Residents of Mesa Verde, a small town 60 miles north of Mexico, recently won official recognition of their protest against the second power plant in their community.
Mesa Verde residents have been living with poor water quality for decades on an aquifer that recently began supporting a 520-megawatt gas-powered plant, Blythe I [See Terrain, Fall 2002]. Blythe II, to be constructed next to Blythe I, would increase the water needed to cool the plants’ turbines to over 5,000 gallons per minute, pumped from the aquifer.
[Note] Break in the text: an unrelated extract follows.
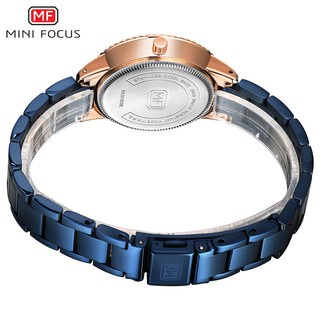 MINI FOCUS Đồng Hồ Đeo Tay Mặt Tròn Thời Trang Cho Nữ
It’s not just Mesa Verde residents who would feel the suck. The California Energy Commission (CEC) and other agencies say the aquifer under Mesa Verde is part of the Colorado River recharge system. According to a recent CEC staff report, further demands on that system would have a “significant adverse effect on the waters of the Colorado.”
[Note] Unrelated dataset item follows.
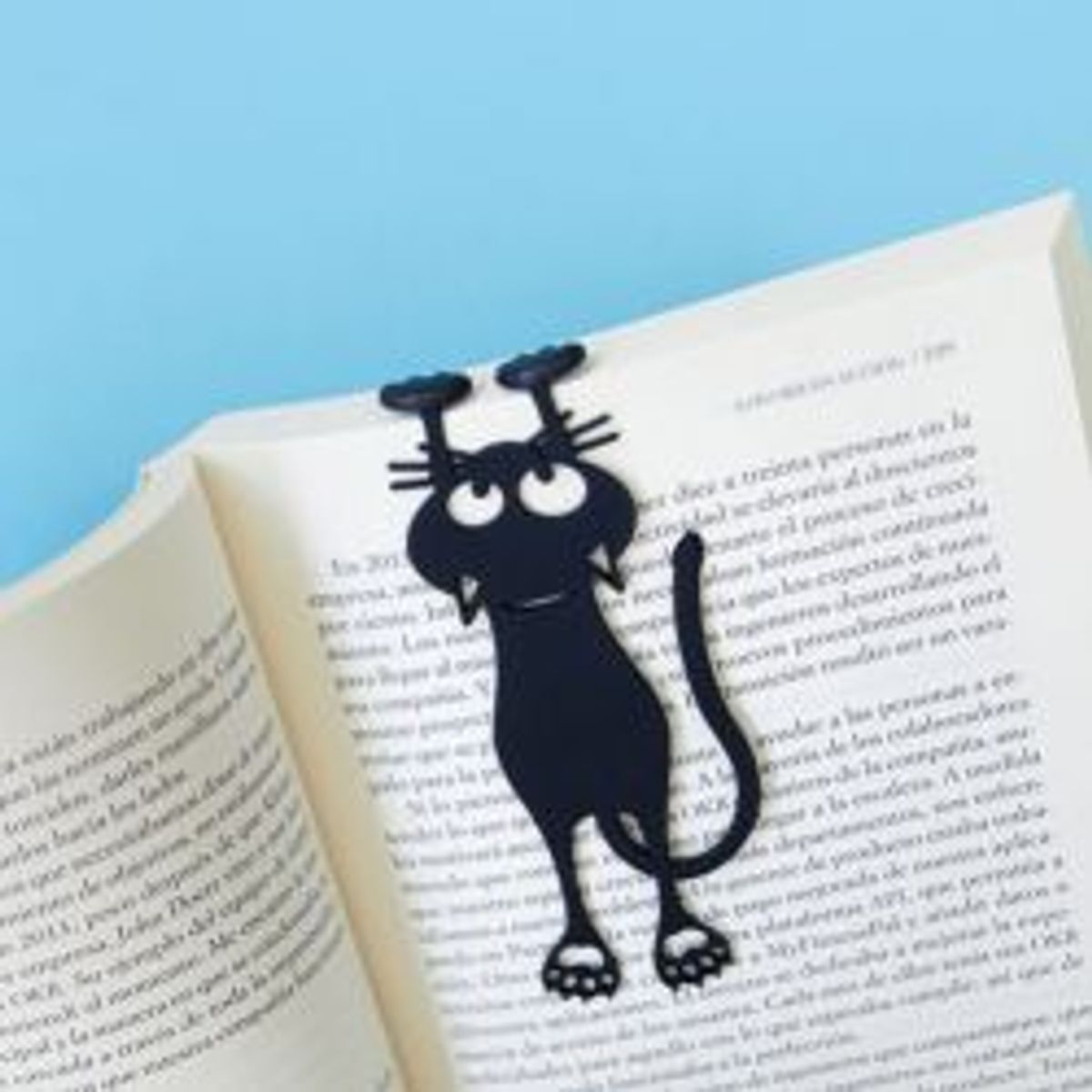 Balvi Bookmark,curious Cat,black - Bogmærke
But Bob Looper of Caithness Blythe, which is proposing Blythe II, calls the data inconclusive and says California does not clearly regulate groundwater. Should the state choose to do so, Looper says, a “voluntary water conservation offset plan” would include fallowing local agricultural ground to offset the plant’s water use. Most of the town’s 2,300 residents depend on jobs in neighboring citrus orchards.
The distinction between ground and surface water is academic: “It’s a desert area with three inches of rainfall a year,” says Jeff Addiego of the Bureau of Reclamation, “and you withdraw one million acre feet and say it’s not the Colorado River? Give me a break.” Take from the Colorado River is regulated federally, which catapults both Blythe projects deep into California water politics. The draw from the Blythe projects, says Addiego, “would impact the amount of water that could be pumped by MWD [the water district that feeds LA]. MWD has the junior water right on the system; they get water after everyone else gets theirs.”
The CEC had planned to publish its first assessment of the application for Blythe II late this summer. This process is “considerably behind schedule,” due to water concerns and other issues.
Meanwhile, a lawsuit filed on behalf of community members alleging that the environmental analysis under which Blythe I was approved was flawed, may finally be heard in Riverside Superior Court. The suit was originally thrown out on a technicality in May 2001.